Come lo stesso Caravaggio, anche Rubens frequentava l’ambiente degli oratoriani di san Filippo Neri. E proprio per la nuova chiesa che la congregazione aveva eretto a Fermo, al giovane pittore fiammingo, ormai assai apprezzato, venne commissionata questa grandiosa Natività. Che di fatto resterà l’ultimo suo lavoro realizzato nel nostro Paese, prima del suo definitivo ritorno a casa, ricco di esperienze e di ricordi.
La pala di Rubens, sempre venerata dai fedeli del centro marchigiano, per la sua collocazione “appartata” è rimasta a lungo sconosciuta alla critica, e “riscoperta” soltanto negli anni Venti del secolo scorso dal grande storico dell’arte Roberto Longhi, che riconobbe in quest’opera uno dei capolavori assoluti del maestro fiammingo, artefice della grande stagione barocca al di là delle Alpi.
I pastori, ai quali per primi è stato dato il lieto annuncio (loro che vivono nomadi ai margini delle città, loro che vegliano nell’attesa mentre i dotti di questo mondo cedono al sonno, come evidenziavano simbolicamente i Padri della Chiesa), si stringono attorno alla mangiatoia dove giace il bambino Gesù. Il loro aspetto, i loro visi, rivelano età diverse: c’è la ragazza col cesto, poco più che adolescente; un giovane vigoroso, dalle membra nerborute; un uomo maturo, i capelli appena striati di bianco; l’anziana dalla pelle rugosa. L’umanità intera, i figli di Adamo e di Eva, giungono qui ad adorare il Cristo.
Giuseppe, più in ombra, ma non certo avulso dalla scena, alza lo sguardo in alto, dove volteggiano angeli e putti di corposa fisicità, stendendo come uno striscione nella stalla di Betlemme l’inno di gloria.

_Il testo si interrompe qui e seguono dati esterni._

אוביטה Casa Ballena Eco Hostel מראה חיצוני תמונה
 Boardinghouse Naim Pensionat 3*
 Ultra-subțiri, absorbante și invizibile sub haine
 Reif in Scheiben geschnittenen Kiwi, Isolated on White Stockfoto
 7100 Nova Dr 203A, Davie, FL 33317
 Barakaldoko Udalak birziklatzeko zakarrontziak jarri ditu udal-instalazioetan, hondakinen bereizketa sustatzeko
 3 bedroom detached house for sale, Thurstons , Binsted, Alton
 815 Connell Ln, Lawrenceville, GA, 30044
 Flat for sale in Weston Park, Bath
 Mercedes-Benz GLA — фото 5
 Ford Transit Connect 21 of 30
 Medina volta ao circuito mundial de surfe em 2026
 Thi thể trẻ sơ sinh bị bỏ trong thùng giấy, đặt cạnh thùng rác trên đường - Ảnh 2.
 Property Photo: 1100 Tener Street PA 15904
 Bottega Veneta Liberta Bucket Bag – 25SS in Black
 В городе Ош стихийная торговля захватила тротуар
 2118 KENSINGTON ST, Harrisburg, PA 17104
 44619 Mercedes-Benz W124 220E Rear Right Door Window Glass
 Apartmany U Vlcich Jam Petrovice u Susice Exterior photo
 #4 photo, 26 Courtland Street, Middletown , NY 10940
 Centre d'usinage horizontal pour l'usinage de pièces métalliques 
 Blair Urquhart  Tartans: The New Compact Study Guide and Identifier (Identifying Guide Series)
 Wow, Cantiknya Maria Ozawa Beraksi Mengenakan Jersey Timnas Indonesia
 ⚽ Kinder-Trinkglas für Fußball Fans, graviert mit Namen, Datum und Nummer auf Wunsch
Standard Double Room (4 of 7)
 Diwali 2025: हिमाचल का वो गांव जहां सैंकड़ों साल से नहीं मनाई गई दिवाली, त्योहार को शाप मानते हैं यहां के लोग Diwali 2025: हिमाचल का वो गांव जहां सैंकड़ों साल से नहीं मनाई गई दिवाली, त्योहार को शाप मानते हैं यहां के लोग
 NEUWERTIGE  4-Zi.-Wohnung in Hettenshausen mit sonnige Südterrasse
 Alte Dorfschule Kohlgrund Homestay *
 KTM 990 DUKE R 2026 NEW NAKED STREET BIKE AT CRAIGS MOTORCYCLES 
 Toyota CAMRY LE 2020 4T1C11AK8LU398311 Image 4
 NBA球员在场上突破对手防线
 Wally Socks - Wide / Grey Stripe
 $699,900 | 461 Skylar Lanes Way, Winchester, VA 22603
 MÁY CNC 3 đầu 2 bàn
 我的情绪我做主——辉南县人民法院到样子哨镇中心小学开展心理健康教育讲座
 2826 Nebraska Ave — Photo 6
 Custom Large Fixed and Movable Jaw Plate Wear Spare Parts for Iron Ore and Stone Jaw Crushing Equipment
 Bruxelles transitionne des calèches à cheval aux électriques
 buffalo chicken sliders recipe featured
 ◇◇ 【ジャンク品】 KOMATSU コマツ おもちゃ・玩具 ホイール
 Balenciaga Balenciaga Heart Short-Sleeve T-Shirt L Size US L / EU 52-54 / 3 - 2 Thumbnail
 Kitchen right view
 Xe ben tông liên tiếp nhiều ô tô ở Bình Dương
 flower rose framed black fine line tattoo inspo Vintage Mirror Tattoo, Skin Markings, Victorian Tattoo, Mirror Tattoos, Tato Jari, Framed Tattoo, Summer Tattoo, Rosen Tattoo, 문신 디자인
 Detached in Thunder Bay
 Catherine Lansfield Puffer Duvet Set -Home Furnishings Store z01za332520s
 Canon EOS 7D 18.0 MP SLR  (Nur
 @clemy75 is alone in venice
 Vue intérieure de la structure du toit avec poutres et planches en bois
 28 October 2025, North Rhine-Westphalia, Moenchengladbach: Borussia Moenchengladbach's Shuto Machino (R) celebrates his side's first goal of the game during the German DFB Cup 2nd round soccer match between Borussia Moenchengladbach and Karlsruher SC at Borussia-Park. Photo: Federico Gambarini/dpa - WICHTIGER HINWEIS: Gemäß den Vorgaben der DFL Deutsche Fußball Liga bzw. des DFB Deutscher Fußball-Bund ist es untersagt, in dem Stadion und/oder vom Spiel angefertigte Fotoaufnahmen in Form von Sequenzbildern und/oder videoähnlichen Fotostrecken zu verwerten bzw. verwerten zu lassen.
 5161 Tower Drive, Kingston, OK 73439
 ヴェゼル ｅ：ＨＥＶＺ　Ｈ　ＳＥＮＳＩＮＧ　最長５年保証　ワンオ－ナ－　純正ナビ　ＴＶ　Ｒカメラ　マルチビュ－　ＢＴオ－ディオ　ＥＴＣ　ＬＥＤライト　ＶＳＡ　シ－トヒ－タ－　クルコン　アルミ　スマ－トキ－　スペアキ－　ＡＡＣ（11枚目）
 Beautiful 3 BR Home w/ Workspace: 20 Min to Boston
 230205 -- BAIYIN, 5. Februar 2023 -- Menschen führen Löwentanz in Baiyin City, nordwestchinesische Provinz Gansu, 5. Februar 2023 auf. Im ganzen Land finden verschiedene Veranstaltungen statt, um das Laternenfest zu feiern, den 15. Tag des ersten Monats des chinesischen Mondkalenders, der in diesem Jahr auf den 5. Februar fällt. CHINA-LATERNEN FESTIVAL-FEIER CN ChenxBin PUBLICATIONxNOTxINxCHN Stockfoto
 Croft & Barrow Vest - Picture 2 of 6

Anche gli occhi della vecchia si alzano dal giaciglio del neonato: ed è uno sguardo di commozione, di una gioia interiore per una speranza a lungo attesa, e che ora finalmente si compie. Così che questa figura pare già l’immagine della profetessa Anna, “molto avanzata in età” (come riporta il vangelo di Luca), che nel Tempio, insieme al venerando Simeone, riconoscerà in quel bambino il Salvatore…
È un “gioco” di anticipazioni che Rubens, crediamo, attua anche con il personaggio ammantato di rosso, che ha così grande evidenza in primo piano. L’atteggiamento risoluto del pastore, la corta barba, la stessa veste purpurea, ma soprattutto il gesto perentorio della mano a indicare Gesù, sembrano voler rimandare alla figura stessa del Battista: eccolo, dice quel dito puntato, «l’agnello di Dio che toglie il peccato del mondo».